They are the US-led coalition's main ally in the fight against Isis, but as Turkey keeps bombing them, the sense of betrayal is growing.

A sense of a betrayal pervaded the funeral, giving an angry edge to the mourners’ grief. The Kurds were used to the Turks killing their people. It was almost expected. What was different in their attitude to the killing of the 14 men and women buried that hot afternoon in the cemetery at Derik, among 20 fighters killed by Turkish air strikes just three days earlier, was that it had occurred under the watchful auspices of the Syrian Kurds’ big ally: America.

So when a US armoured patrol arrived at the edge of the cemetery in northern Syria, the American troops had been met with sullen stares and silence. I watched Aldar Khalil, one of the most influential advisers with the local Syrian Kurdish administration, approach the US army officer while a cordon of armed YPG fighters surrounded the patrol to keep civilians away.

“I told the American officer how angry people felt,” he told me afterwards, “and advised them that as soon as they had achieved what they wanted to at the funeral they should go. Emotions are high. People expected more.”

The air strikes had been far more significant than anything previously visited by the Turks on the YPG, the Syrian Kurd fighting group that has become the Americans’ primary ally in the forthcoming battle to capture the city of Raqqa from Isis.
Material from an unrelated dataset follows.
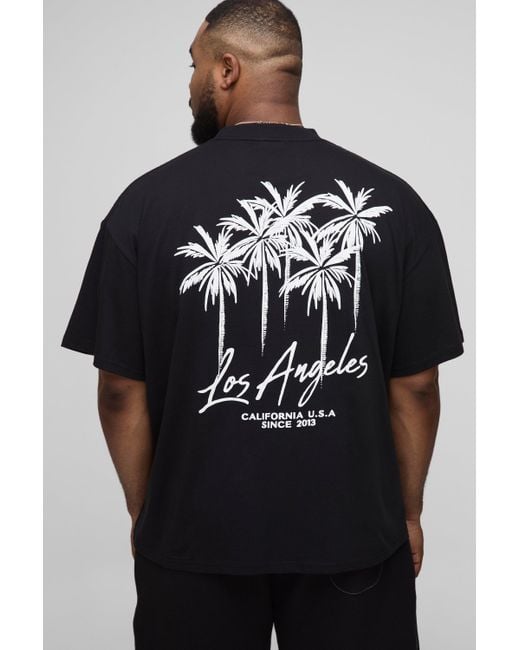 Boohoo Black Plus Oversized Los Angeles Palm Printed T-Shirt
Operations to shape the battlefield around the militants’ capital are ongoing, and some sections of the front YPG units, the mainstay of the anti-Isis alliance, are now less than four kilometres from the outskirts of Raqqa.

However, the entire operation was thrown into jeopardy early on the morning of 25 April, just days before US officials confirmed that President Donald Trump had authorised the direct supply of weapons to the YPG. Turkish jets repeatedly bombed the YPG’s main command centre on Qarachok Mountain, just above the small town of Derik, destroying ammunition stocks, a communications centre and accommodation blocks. The dead included Mohammed Khalil, a top commander involved in planning the Raqqa operation.
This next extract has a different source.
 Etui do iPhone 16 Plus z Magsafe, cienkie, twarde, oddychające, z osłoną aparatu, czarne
The attack immediately drove a wedge between US troops and the Syrian Kurds, who felt they had been knowingly betrayed by the United States, which had acted as the YPG’s ally in the fight for Raqqa with the one hand while allowing its fellow Nato and coalition member Turkey to stab the YPG in the back with the other.
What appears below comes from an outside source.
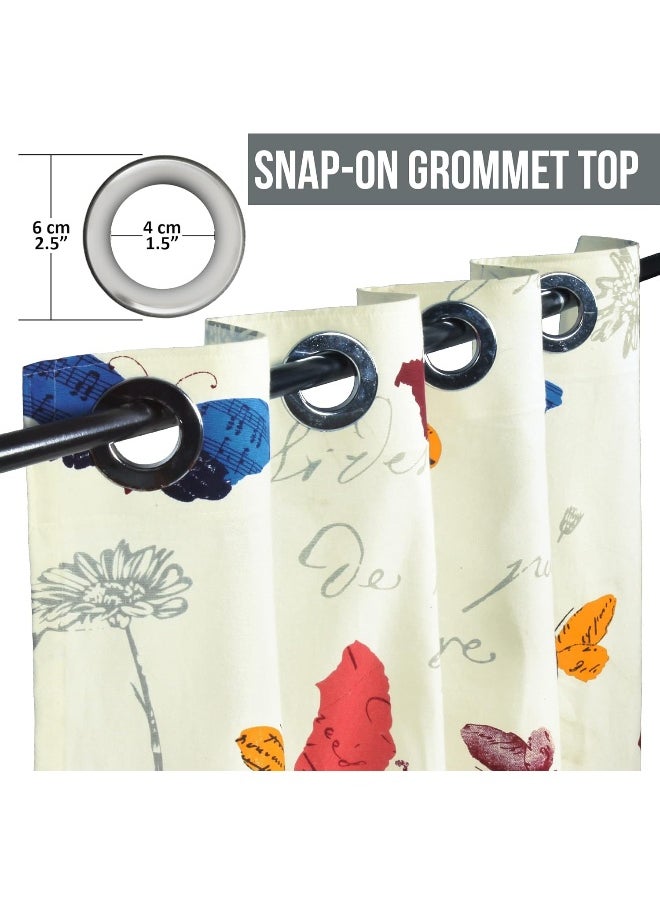 Story@Home - Story@Home 152 Cm 100% Cotton Canvas Fabric Floral Pattern Light Filtering Grommet Window Curtain, White & Blue, Pack Of 2 - Image 1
“There were a couple of days after the Qarachok strikes when several of our leading commanders, and many of our people, put on the pressure to withdraw our forces from the Raqqa front altogether and send them to protect our borders with Turkey,” Khalil, the Syrian Kurd adviser, told me. “They wanted to stop the Raqqa operation. We had to explain very carefully that this was [the Turkish president] Erdogan’s goal, and to persuade them to continue.”

Senior YPG commanders suffered deep personal losses in the Turkish air strikes. Among the mourners at Derik was ­Rojda Felat, a joint commander of the overall Raqqa operation. Standing beside the grave of Jiyan Ahmed, one of her closest friends, she clasped a portrait of the dead woman in her hands.

“She survived fighting Da’esh [Isis] in Kobane, in Tal Hamis and Manbij,” Felat said. “She survived all that, only to be killed by a Turkish jet.”

Later, illustrating the fragile contradictions of the coalition’s alliances, Felat explained that she had gone to sleep in the early hours of 25 April, after finishing a series of late-night planning meetings with British and US officers at the forward headquarters she shares with them on the north side of Lake Assad, Syria’s largest lake, when word of the air strikes came through.

“It was very clear to me that the Americans I was with had not known about the air strikes,” said Felat, 35, a legendary figure among Syria’s Kurds whose role models include Napoleon and the socialist revolutionary Rosa Luxemburg. “They could see how upset and angry I was to learn in an instant that so many friends had been killed, and the Americans dealt with that compassionately. I was extremely distressed, to say the least,” she added, looking away.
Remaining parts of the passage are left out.